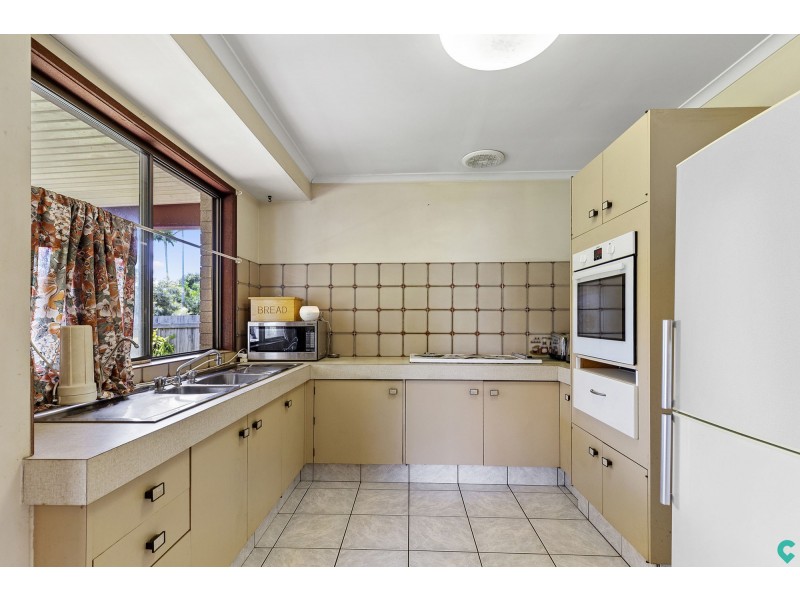 18 Benyon Street, Wavell Heights QLD 4012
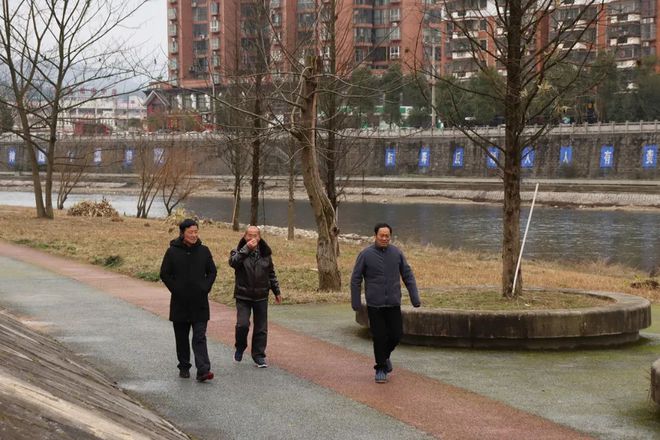 中欧体育app下载官网松江河畔塑胶跑道成为群众休闲运动好去处(图1)
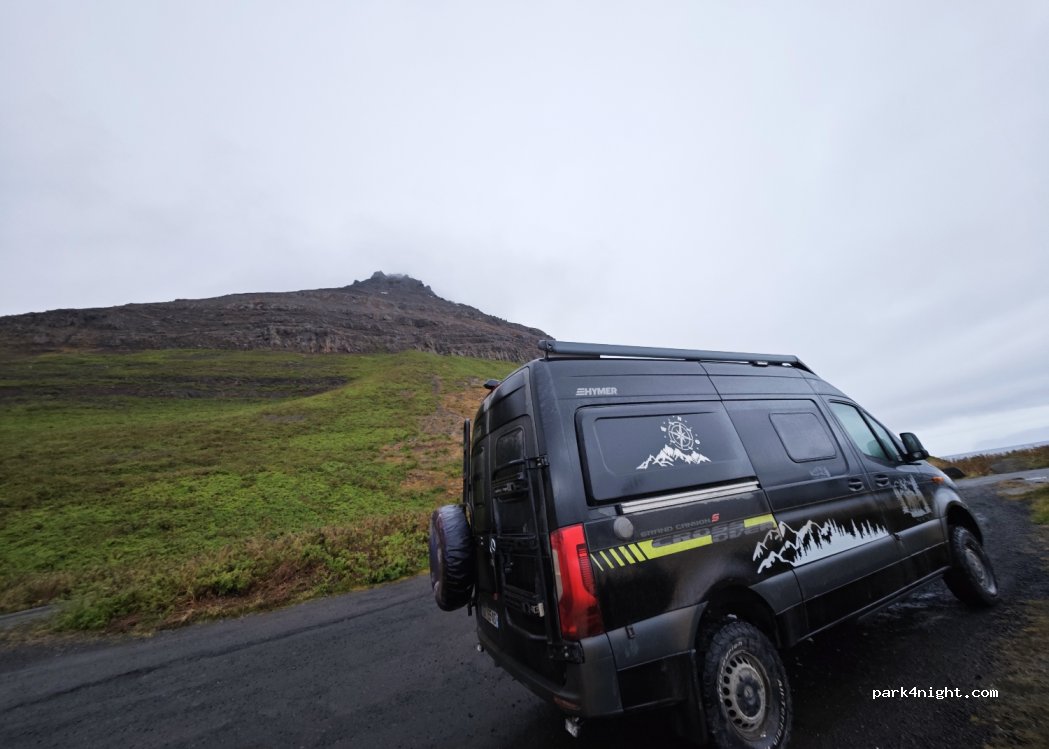 () Hnífsdalur - Djúpvegur — foto 4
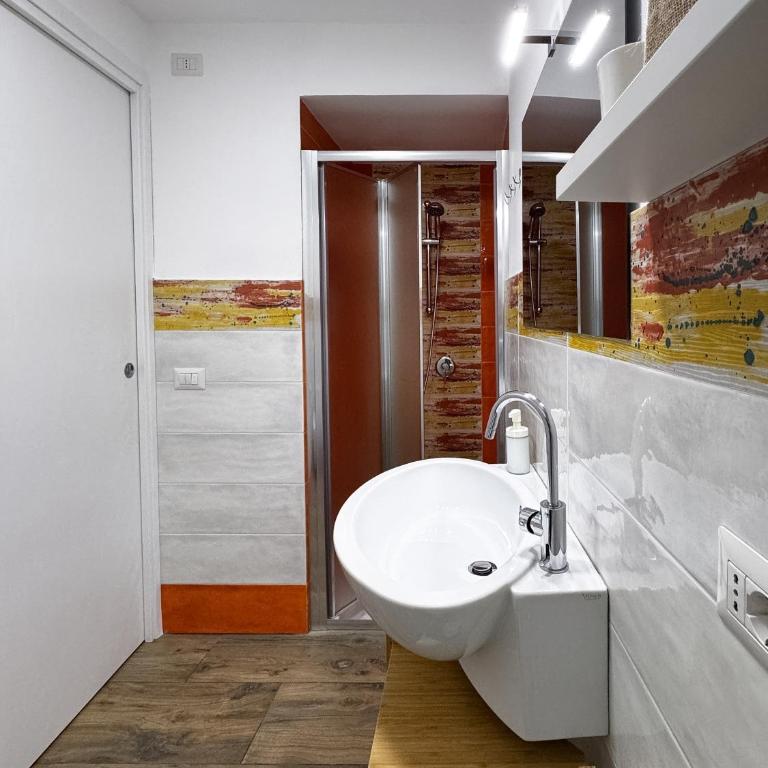 I Quartieri Di Spaccanapoli B&B - Camera King - 15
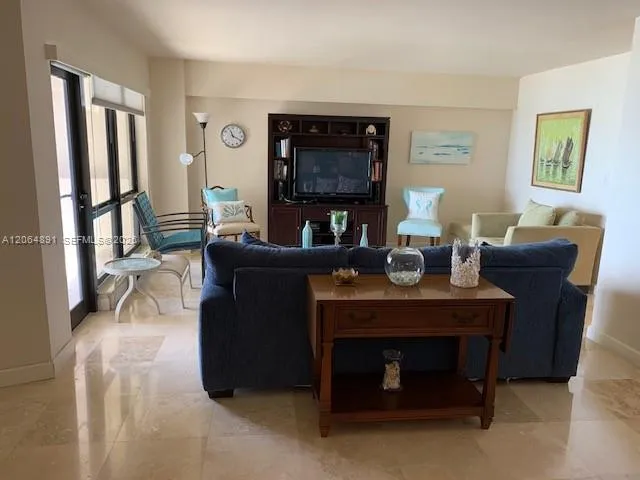 4900 Ocean Blvd #1509 Lauderdale By The Sea, FL 33308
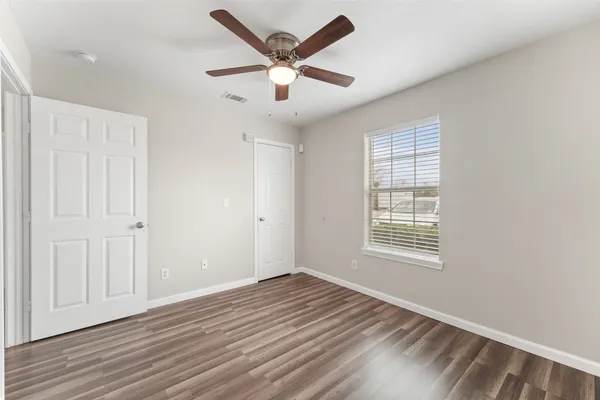 $995 | 516 Hollyhock Street, Unit 15, Prairie View, TX 77484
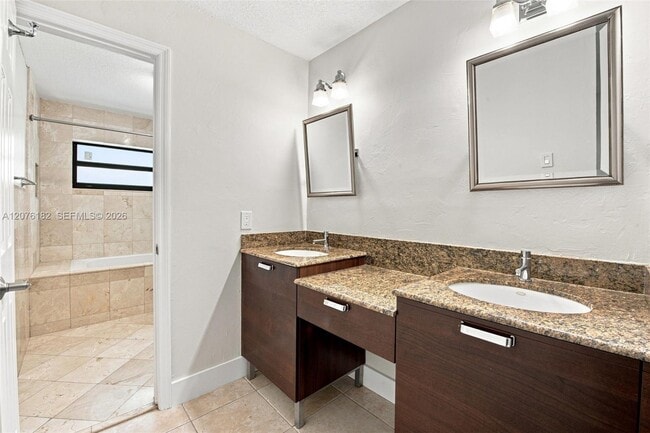 Building Photo - 6820 SW 128th Ct
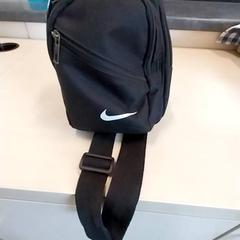 Válltáska Zwart. Nike, amint azt Arriva Limburg Zuid az iLost segítségével jelentette.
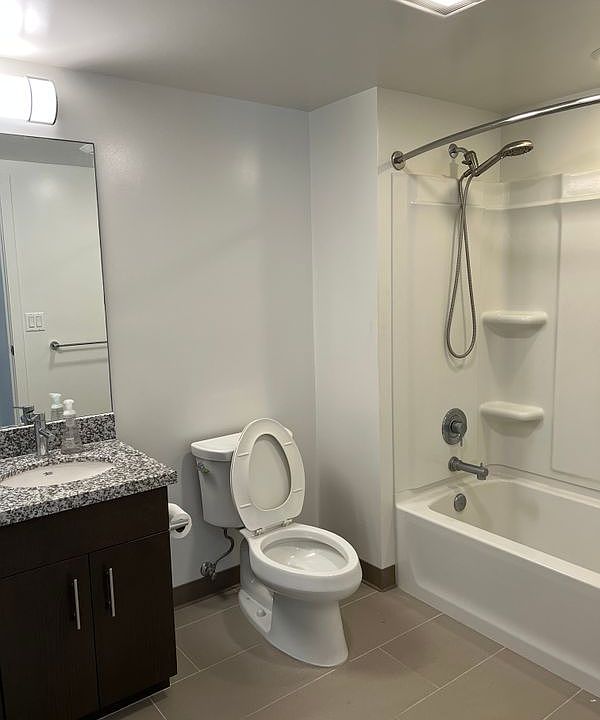 2nd image of 988 Halekauwila St APT 1203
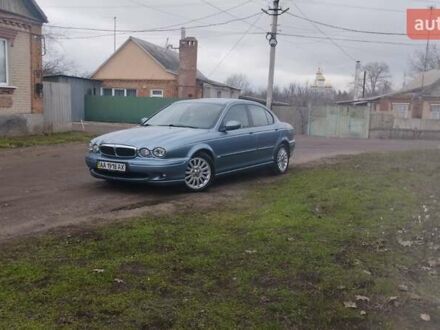 Серый Ягуар Х-Тайп, объемом двигателя 2.1 л и пробегом 220 тыс. км за 4700 $, фото 1 на Automoto.ua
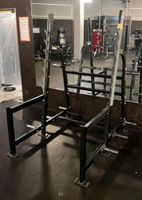 Squatrack /Rack / Kniebeugeständer Hammer Strength no Cybex Gym80 Sachsen - Herrnhut Vorschau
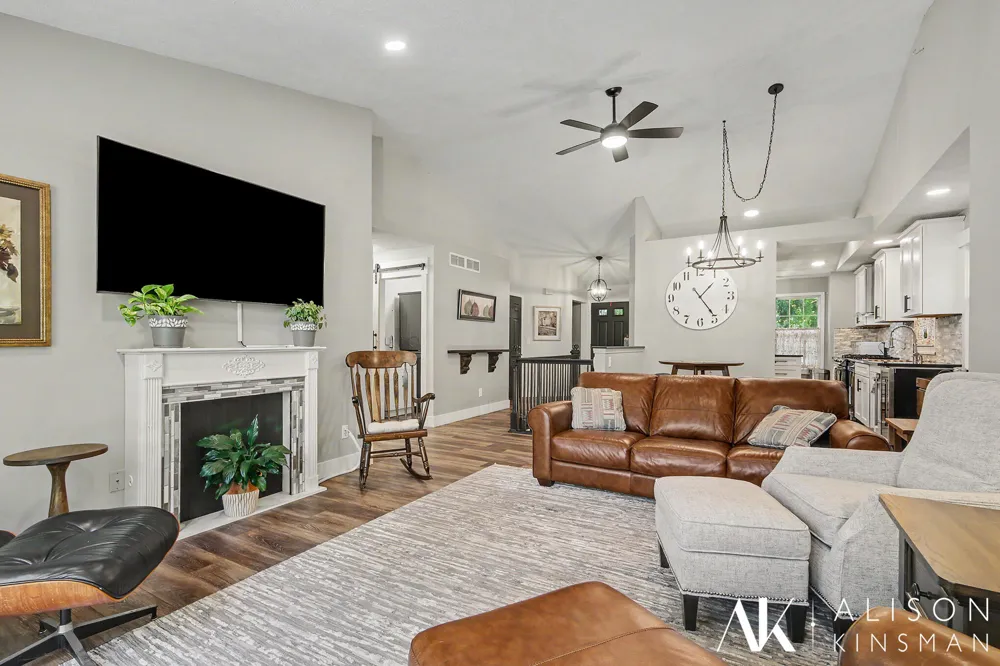 3861 Old Elm Drive SE Kentwood, MI 49512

********

Your answer should hold only the lines from the line with "Серый Ягуар Х-Тайп, объемом" through the closing line of the records, restated exactly and free of pictures.

 Серый Ягуар Х-Тайп, объемом двигателя 2.1 л и пробегом 220 тыс. км за 4700 $, фото 1 на Automoto.ua
 Squatrack /Rack / Kniebeugeständer Hammer Strength no Cybex Gym80 Sachsen - Herrnhut Vorschau
 3861 Old Elm Drive SE Kentwood, MI 49512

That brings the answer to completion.